The Burn of College Expense

August 11, 2016 § 2 Comments

Decades ago a chancellor in this part of the world was asked why he insisted that his sons pay their own way through college. He replied that he would only do it if a chancellor ordered him to do it. Of course, the twist was that he was never divorced, so no chancellor could ever get involved in that decision-making.

It’s pretty well ingrained in our law now that a chancellor may order parents to contribute to the college expenses of their children post-divorce.

The latest iteration of the principle appears in the recent COA decision in Harris v. Porter, decided July 26, 2016.

In that case, the chancellor ordered Tony Harris to contribute $1,250 a semester to the cost of his daughter, Myrtis, to attend Mississippi State University. The chancellor also increased the child support he pays to his ex-wife, Michelle Porter. Tony appealed, and the COA affirmed. Judge Ishee wrote for a unanimous court:

¶6. Next, Harris argues that the trial court erred in awarding college expenses.
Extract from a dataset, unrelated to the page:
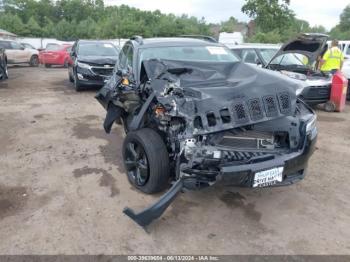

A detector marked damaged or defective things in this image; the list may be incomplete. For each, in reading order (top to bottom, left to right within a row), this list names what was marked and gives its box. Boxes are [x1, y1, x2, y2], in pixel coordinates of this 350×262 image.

damaged hood [268, 33, 328, 66]
severely damaged vehicle [95, 36, 318, 227]
damaged hood [144, 59, 300, 135]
Harris points to his financial statements, which he believes shows that there is no disposable income, and argues that Porter did not show evidence to the contrary. Harris further argues that he cannot afford to pay college expenses without significantly affecting his customary lifestyle. Harris explains that he has two young children who live with him and his current wife, and another child attending Alcorn State University. Harris also argues that there was no evidence that Myrtis will thrive in college. Finally, Harris asserts that he wanted to have input as to which college he could afford for Myrtis.

¶7. The Mississippi Supreme Court has held that a child’s decision to attend college may be considered a material change in circumstances justifying child support modification. See Lawrence v. Lawrence, 574 So. 2d 1376, 1382 (Miss. 1991). Child-support payments under section 43-19-101 create an award for support that goes toward the child’s basic living expenses such as food, clothing, and shelter. See Nichols v. Tedder, 547 So. 2d 766, 769 (Miss. 1989). Additional expenses, including but not limited to health insurance, out-of-pocket health expenses, transportation, and college expenses, may be properly added to the basic support award. Id.
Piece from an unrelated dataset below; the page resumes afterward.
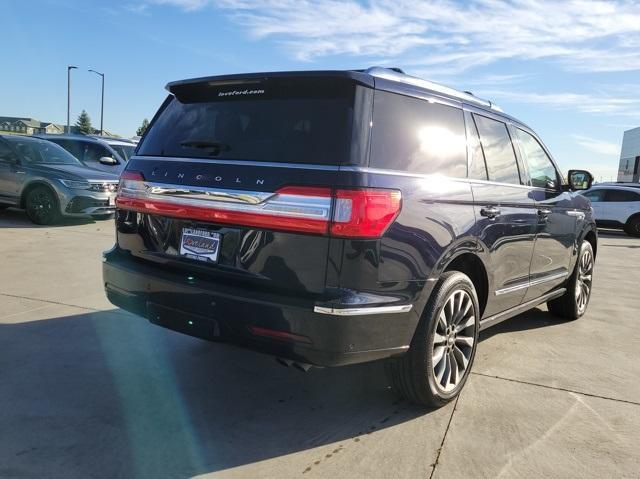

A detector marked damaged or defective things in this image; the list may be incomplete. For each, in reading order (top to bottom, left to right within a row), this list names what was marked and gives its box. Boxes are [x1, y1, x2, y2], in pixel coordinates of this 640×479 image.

pavement crack [472, 374, 636, 406]
pavement crack [430, 394, 460, 479]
¶8. One or both parents may be ordered to pay part or all of a child’s college tuition and related expenses. Saliba v. Saliba, 753 So. 2d 1095, 1101 (¶21) (Miss. 2000) (citing Rankin v. Bobo, 410 So. 2d 1326, 1328 (Miss. 1982)). Nonetheless, as Harris asserted, “the parent must also have the ability to pay for the education without affecting his customary lifestyle.” Wallace v. Wallace, 965 So. 2d 737, 745 (¶27) (Miss. Ct. App. 2007) (citation omitted). However, in this case, Harris did not present any evidence of how Harris’s lifestyle would change. Nor can we find anything in the record that supports his claim. As found earlier, the chancery court clearly reviewed Harris’s financial documents and found that Harris was able to help with college expenses. Furthermore, Porter explained that she is seeking financial assistance and Myrtis is applying for scholarships to help with the cost of tuition.

¶9. Porter introduced various awards, plaques, and newspaper clippings regarding Myrtis’s achievements during her high-school career, which led the chancery court to find that Myrtis was an “outstanding young lady.” She clearly showed aptitude for and the potential to benefit from college according to her high-school record. Myrtis was involved in numerous extracurricular activities both at school and in the community. There is ample evidence that Myrtis excelled as a well-rounded student. Her admission to Mississippi State University is one more example of that. While Harris complains that he should have been consulted about which college he could afford for Myrtis to attend, the chancery court’s ruling does not set forth a specific college and it does not prevent Harris from being a part of the decision-making process. [Fn1] We find this argument without merit.

[Fn 1] However, according to the record, Myrtis has been accepted to Mississippi State University and it is her preferred school. Furthermore, we point out that Harris would be paying what amounts to less than fifteen percent of the total cost of tuition. See http://www.admissions.msstate.edu/freshmen/money-matters/#tuition (the 2015-2016 annual cost to attend the school, on average, is about $23,000, which includes room and board, tuition, and out-of-pocket expenses).

As the footnote points out, it’s hard to imagine where Myrtis could have gone off to college that would have cost Tony less than $1,250 a semester. There are plenty of parents around the state under college-support orders who would gladly trade places with him. Speaking personally, as one who put a child through Millsaps College in the 1990’s, I would have in a heartbeat.

Until the nation “feels the Bern” and embraces government-paid college tuition for all, parents will have to continue to experience the burn of college expenses.

This case is just a reminder that guideline child support can be a mere starting point when there are extraordinary expenses of a child that must be satisfied.